TASK TO COMPLETE » Starting at the first line of the entries, extract each line up to and including the one that contains "Open concept kitchen, unknown", but leave out the pictures.

--------------------

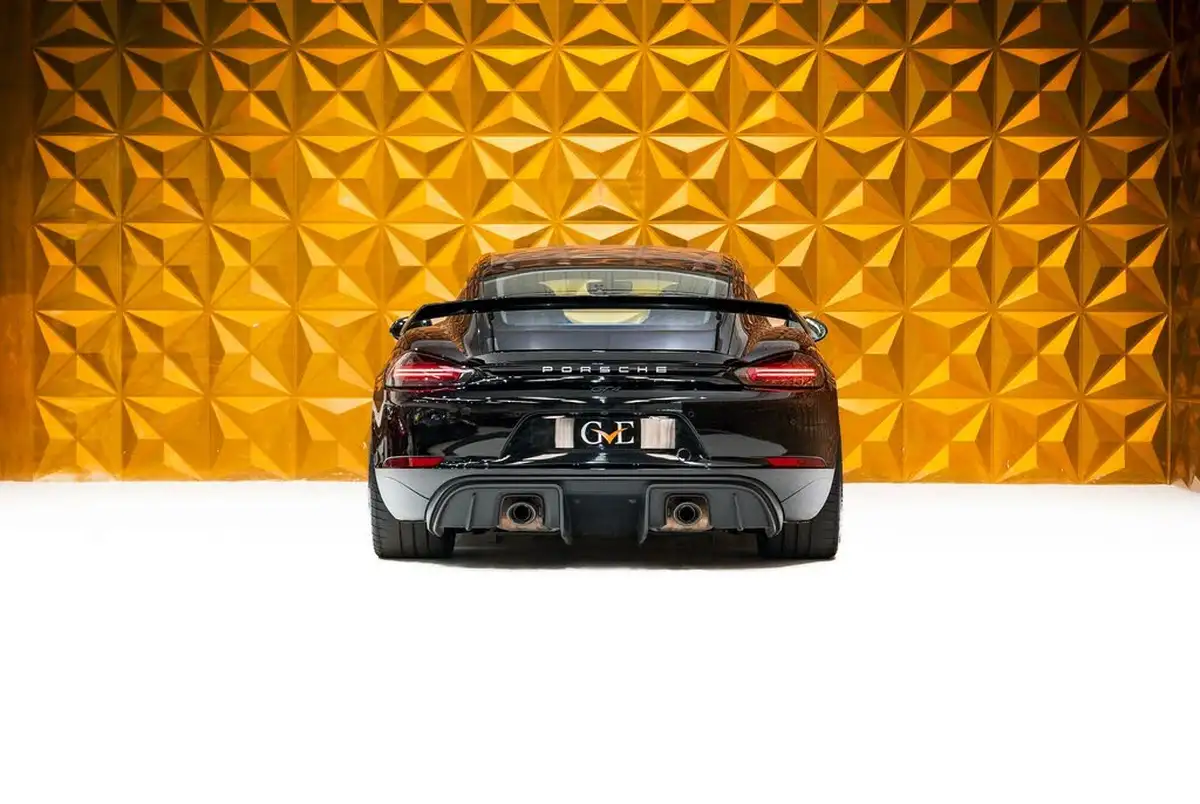 2022-porsche-cayman-718-40-cayman-gt4-big-6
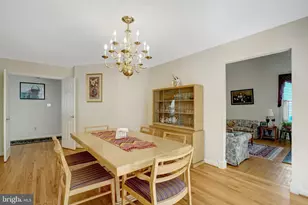 7520 Walnut Hill Ln, Falls Church, VA 22042 - Photo 21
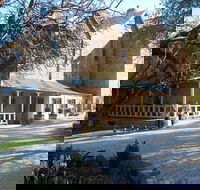 Stanley Grammar Country House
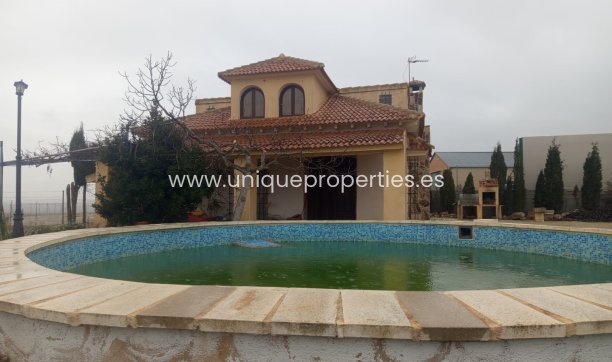 Reventa - Villa -
Puebla de Don Fadrique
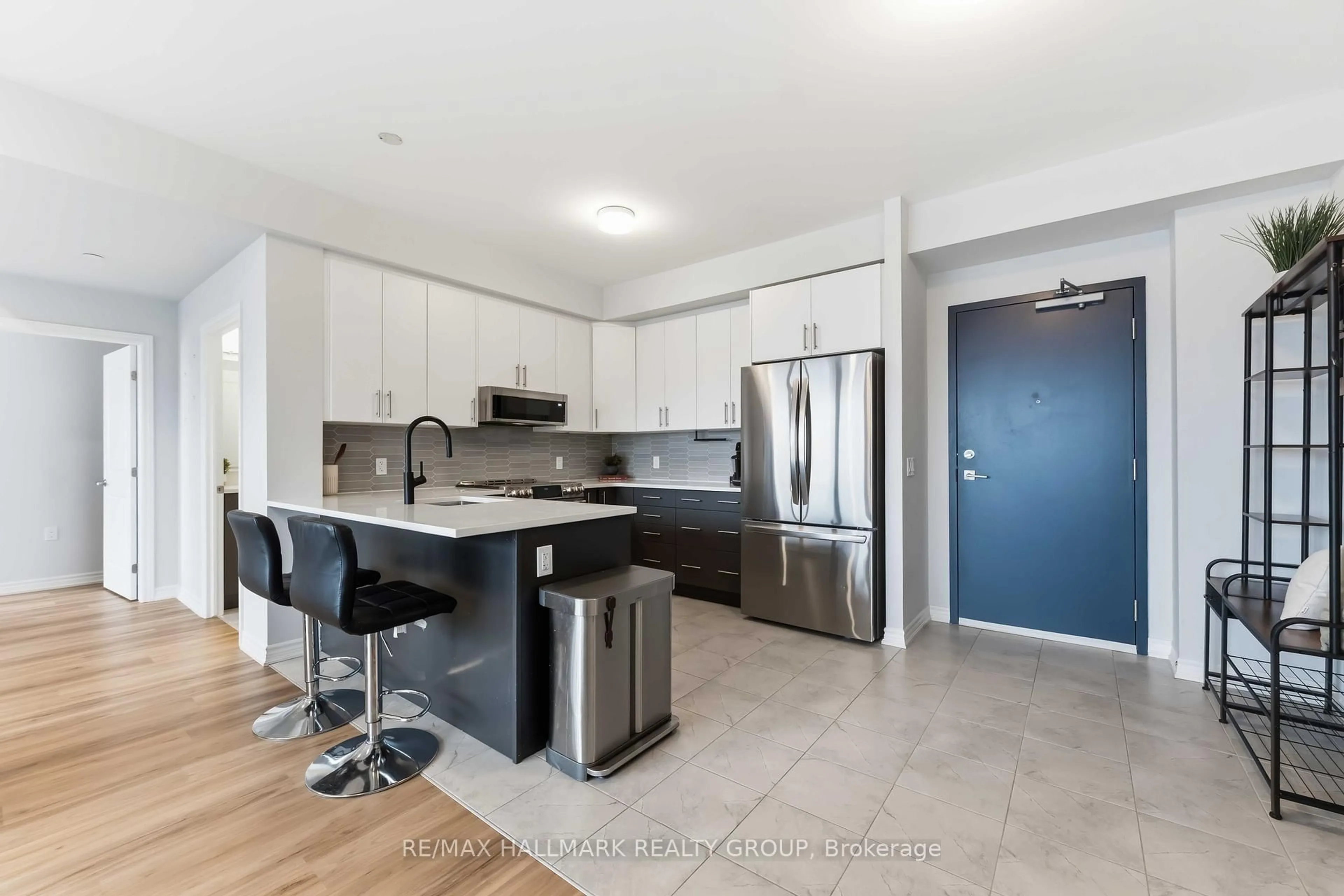 Open concept kitchen, unknown for 397 Codds Rd #602, Ottawa Ontario K1K 5C7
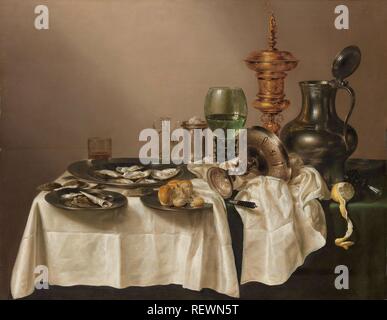 Nature morte avec une coupe dorée. Nature morte avec un verre cassé. Dating : 1635. Mesures : support : H 88 cm × w 113 cm. Musée : Rijksmuseum, Amsterdam. Auteur : Willem Claesz. Heda. Banque D'Images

--------------------

TASK OUTPUT »
 2022-porsche-cayman-718-40-cayman-gt4-big-6
 7520 Walnut Hill Ln, Falls Church, VA 22042 - Photo 21
 Stanley Grammar Country House
 Reventa - Villa -
Puebla de Don Fadrique
 Open concept kitchen, unknown for 397 Codds Rd #602, Ottawa Ontario K1K 5C7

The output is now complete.